Re: (output) encoding support in doxia-sink-api

Posted by Hervé BOUTEMY <he...@free.fr>.
> > Then I think "Sink createSink( Writer writer )" should be removed.
>
> I prefer deprecated for backward compatibility issue.

this method was added in 1.0-beta-1-SNAPSHOT: 1.0-beta-1 hasn't been released 
yet. Is there really any backward compatibility issue here?


Re: (output) encoding support in doxia-sink-api

Posted by Vincent Siveton <vi...@gmail.com>.
2008/11/7 Benjamin Bentmann <be...@udo.edu>:
> Vincent Siveton wrote:
>
>>> Then I think "Sink createSink( Writer writer )" should be removed.
>>
>> I prefer deprecated for backward compatibility issue.
>
> The source code says "@since 1.0-beta-1", i.e. this method was never part of
> a released Doxia version, right? Then we should be able to safely removed
> it.

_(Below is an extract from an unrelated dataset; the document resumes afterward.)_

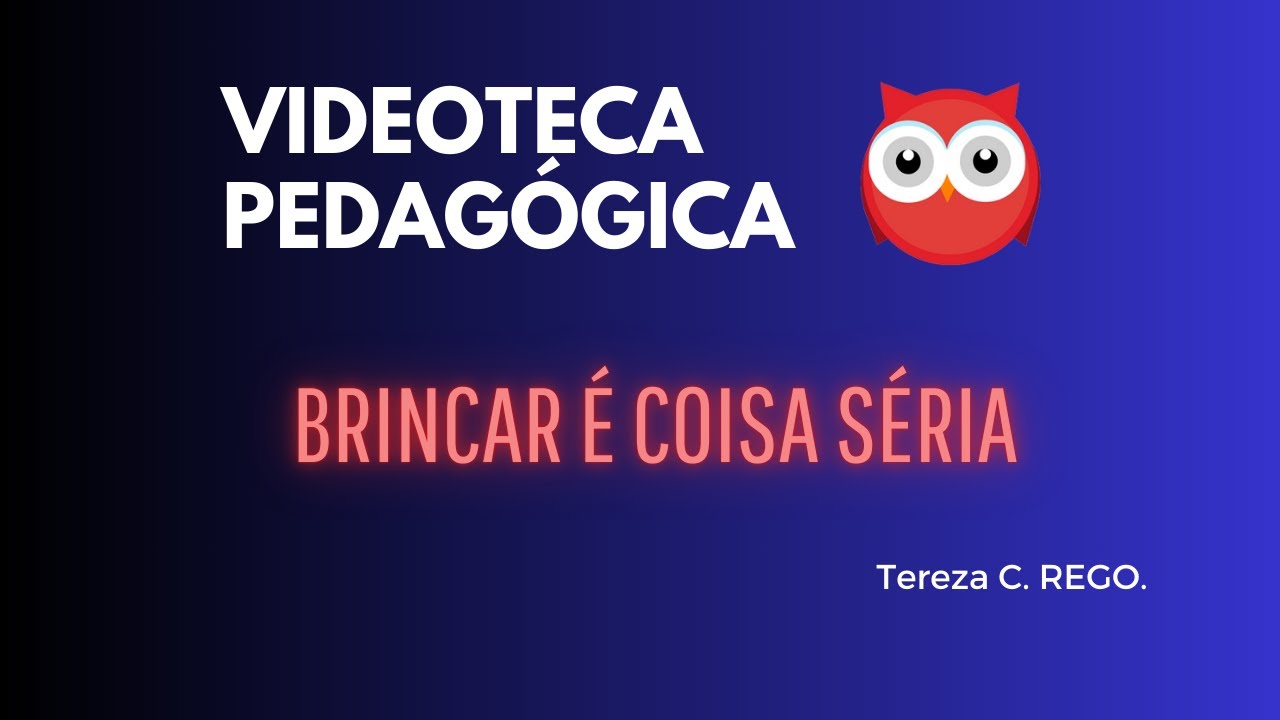 BRINCAR É COISA SÉRIA/ Tereza C. Rego.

Having both "@since 1.0-beta-1" and "@deprecated since 1.0-beta-1" on a
> method would be quite strange ;-)

mmh seems logical  :)

Vincent

>
> Benjamin
>

Re: (output) encoding support in doxia-sink-api

Posted by Benjamin Bentmann <be...@udo.edu>.
Vincent Siveton wrote:

>> Then I think "Sink createSink( Writer writer )" should be removed.
> 
> I prefer deprecated for backward compatibility issue.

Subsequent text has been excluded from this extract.